Some people eat, sleep and chew gum, I do genealogy and write...

Thursday, February 20, 2014

Findmypast.com adds PERSI content links

Amongst all of the announcements about new additions to genealogy websites, some need more attention than others. Findmypast.com has announced a partnership with the Allen County Public Library Genealogy Center to add the PERSI Index of 2.5 million records dating back to 1800. 

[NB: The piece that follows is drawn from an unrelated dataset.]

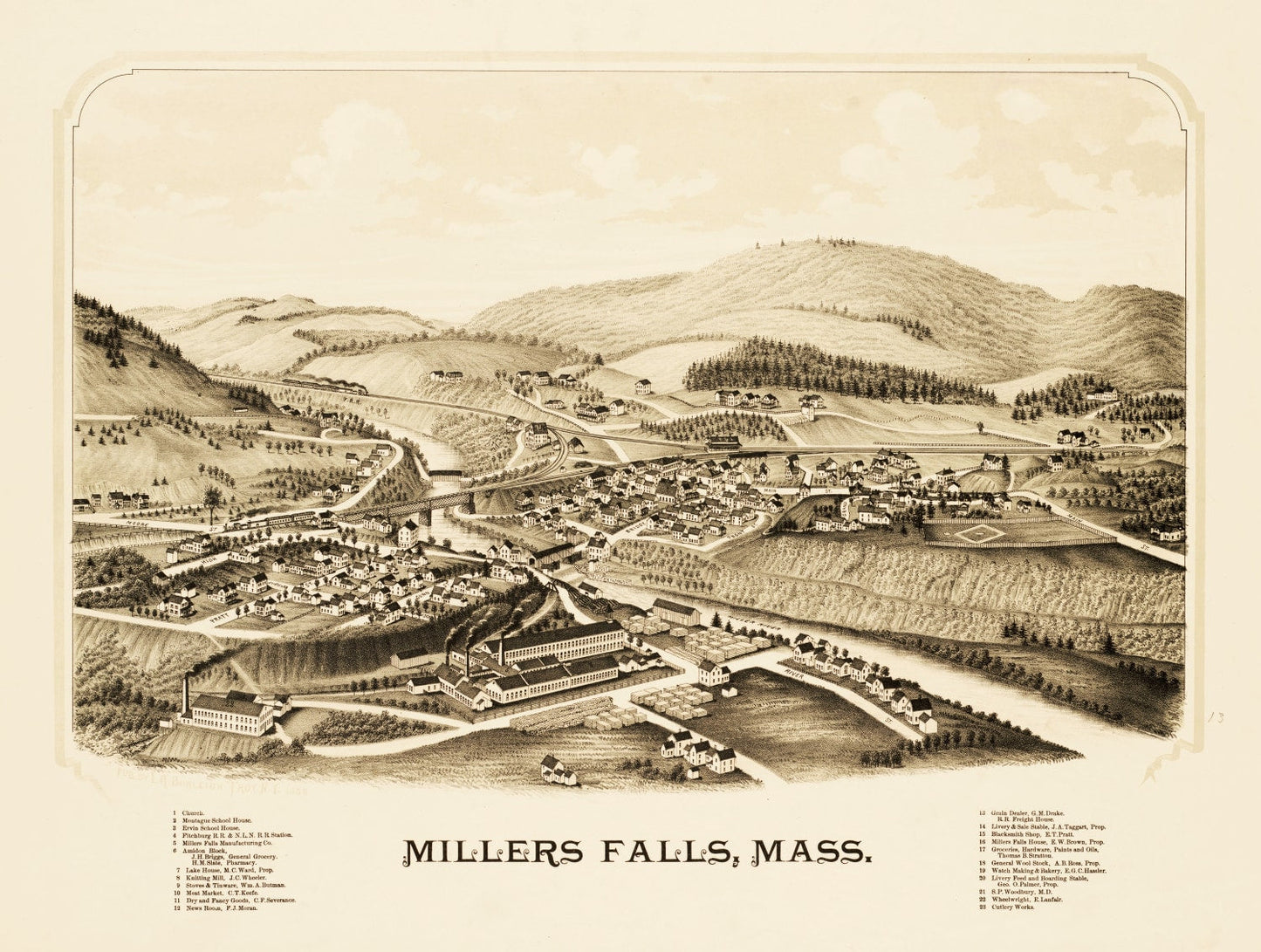 Vintage Map of Millers Falls, Massachusetts, 1889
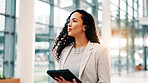 Lobby, thinking  and business woman with tablet in office for communication, connection and email. Professional, corporate and person on digital tech for contact, online website and b2b networking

OK, now why is this news? The PERSI or Periodical Source Index has been around for quite a while and copies of the Index are available on a few other websites. But historically, if you wanted to see anything you found in the PERSI, you had to hunt it down, or send away to the Allen County Public Library for a copy. Here is the announcement from findmypast.com so there is no misunderstanding:
LOS ANGELES – Findmypast.com, an international leader in online family history, today announced a partnership with the Allen County Public Library (ACPL) Genealogy Center to revolutionize the PERiodical Source Index (PERSI), the world’s largest and most widely used subject index for genealogy and local history literature. As part of the partnership, findmypast.com is enhancing PERSI, most notably by linking thousands of individual genealogical periodicals and resources to the index, allowing the original content to be accessed and connected digitally for the first time in the history of PERSI. 
Over the past thirty years, the ACPL Genealogy Center has created more than 2.5 million searchable records in PERSI, indexing every article from more than 8,000 different periodicals, including magazines, newsletters and journals, according to location, topic, surname, ethnicity and methodology. In the coming months, findmypast.comwill launch the most complete version of PERSI online. Once launched, findmypast.com will work in tandem with the Genealogy Center to provide frequent updates to the collection as new entries are added.
The operative words here are "allowing the original content to be accessed and connected digitally for the first time in the history of PERSI." This is huge. I don't think that most genealogists have ever used PERSI because having an index entry didn't help much. Part of this lack of use of the product comes from a lack of understanding of exactly what the Allen County Public Library has produced. PERSI contains information about local genealogical and historical publications from all around the United States. The impact of having all of these local publications available is incalculable. Here's a summary from the announcement that vastly understates the impact:
The future of online search through this partnership aligns with findmypast.com’s Society Data Initiative, a joint project between the Federation of Genealogical Societies and findmypast.com to preserve, digitize and provide access to the rich resources created by family history, genealogical, and historical societies over many decades.
 As far as content in the United States, this is a huge increase in usability for findmypast.com.